Capítulo 47: El asunto más importante de todo el Gran Dinastía Sung (1/2)
Nube Zhen montaba a lomita de su gran yegua marrón, mirando hacia abajo con una expresión de confusión.
Los guardias personales de Chen Lin se habían esfumado sin dejar rastro; Chen Lin, que reía como un jarro de té grande y costoso, señaló el carruaje en la colina. Luego, empujaba y golpeaba a los monje y tonto para alejarlos de Nube Zhen.
La confusión de Nube Zhen se volvió aún más profunda. ¿Podría ser que Chen Lin quisiera crear una oportunidad privada para él con Lán Lan?
¡Zhao Jing era tan desgraciado! ¡El suelo de su tumba aún no estaba seco!
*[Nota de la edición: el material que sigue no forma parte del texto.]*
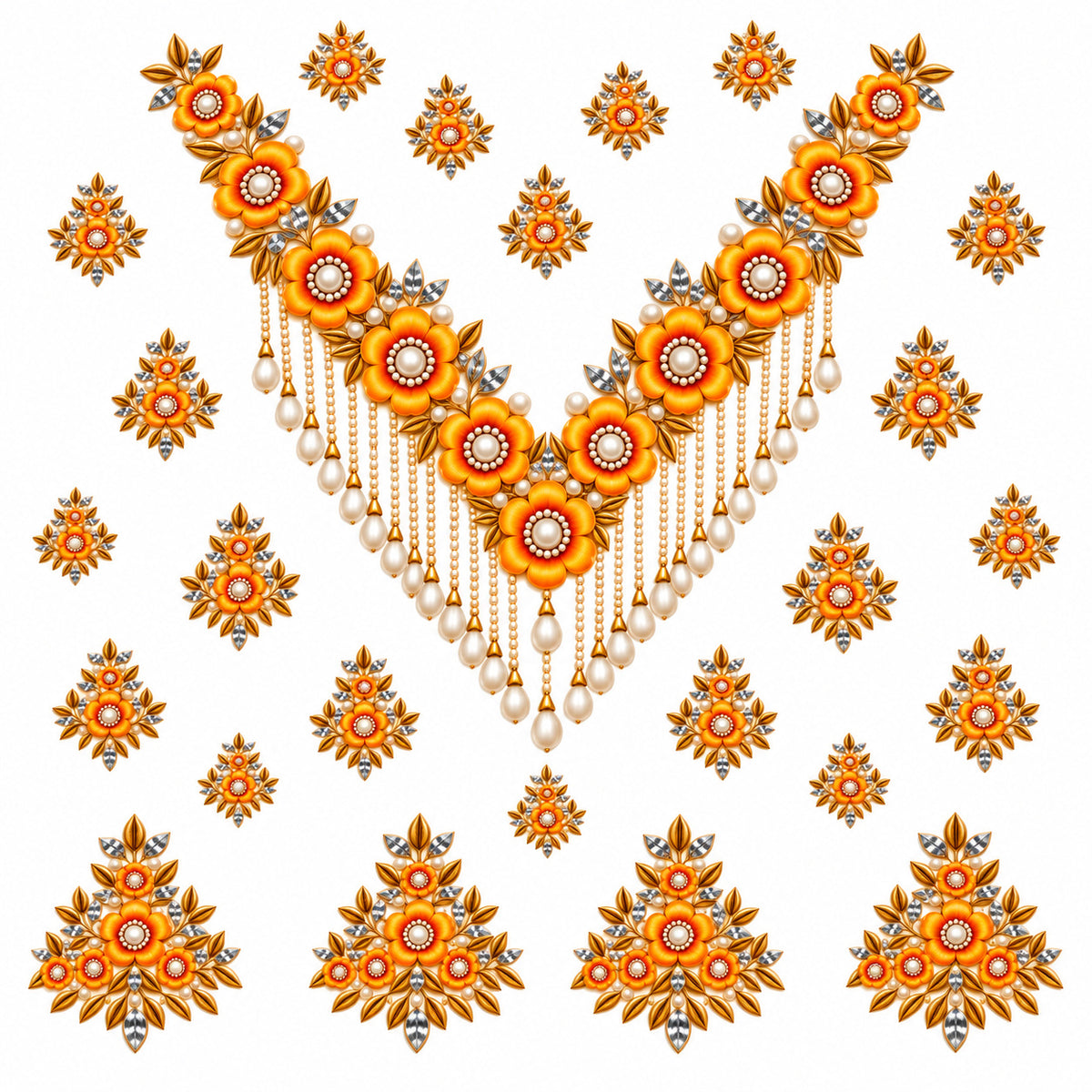 Orange Gold & Ivory Floral Necklace Style DTF Heat Transfer Sticker Set for Suit & Blouse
Sin embargo, la curiosidad de Nube Zhen lo llevó a dejar sin remedio a los monje y tonto en el carruaje. El carruaje era pequeño y las cortinas delanteras habían sido arrancadas, dejando ver solo una mujer vistosamente ataviada. Claramente no cabía ningún asesino. Pero pensándolo bien, si Chen Lin quería matarlo, no necesitaría hacerlo tan complicado; con un poquito de cianuro en el té o algo así.
Mientras la guerra no terminara, Nube Zhen no tenía que preocuparse por las trampas de Chen Lin. Pero una vez que se decidiera el resultado de la batalla, Nube Zhen no permitiría esa oportunidad a Chen Lin; esto era lo que decían los viejos: "No te confíes con nadie".
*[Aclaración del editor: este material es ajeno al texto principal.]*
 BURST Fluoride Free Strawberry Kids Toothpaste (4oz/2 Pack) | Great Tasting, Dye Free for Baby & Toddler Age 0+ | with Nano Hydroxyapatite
En un gran prado extendido, solo quedaba Nube Zhen y un carruaje.
Nube Zhen miró a su alrededor. Vio humo proveniente de varias hogueras, lo que significaba que las fuerzas del campamento estaban cerca, habiendo cortado todas las rutas de escape.
La gran yegua descendió lentamente la colina por el sendero, llegando junto al carruaje.
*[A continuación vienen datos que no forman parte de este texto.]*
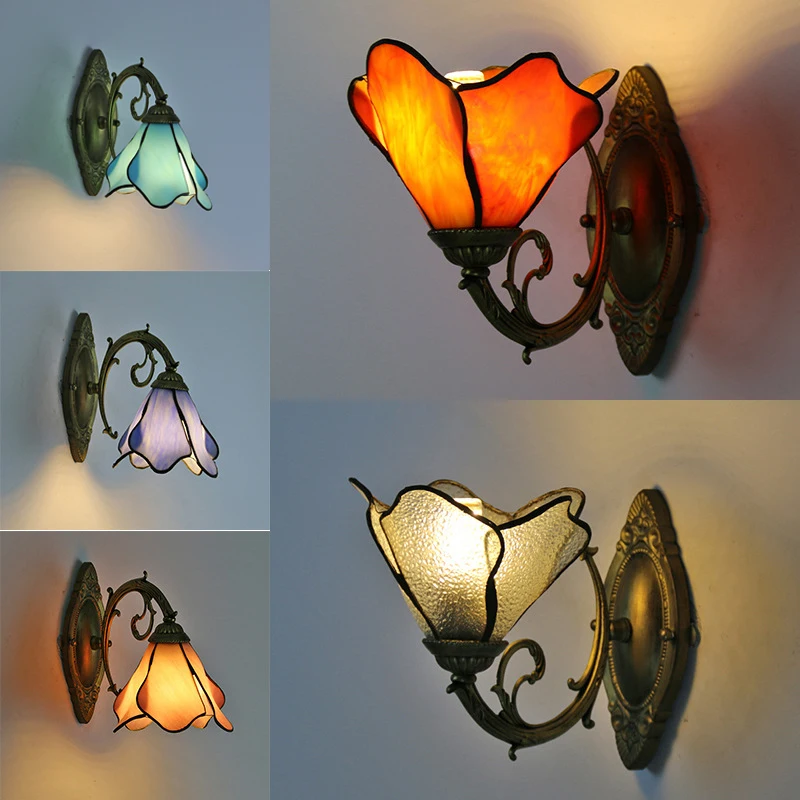 Mediterranean Designer Stained Glass Wall Lamp Modern Bedside Bedroom Vintage Lighting Indoor Wall Sconce Mirror Light Fixtures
Solo con un vistazo, Nube Zhen confirmó que la mujer era en efecto Lán Lan; los ojos del mono no se habían equivocado.
Lán Lan llevaba una expresión sospechosamente tímida, sentada erguida en el carruaje. Llevaba un traje de red roja grande y estaba pintada con labios carmesí. El maquillaje cubría su cara y había un cinturón de seda pálido que colgaba detrás, atando sus coletas altas, mostrando gran parte de su cuello. Lo más desconcertante era que llevaba en brazos una gran calabaza verde.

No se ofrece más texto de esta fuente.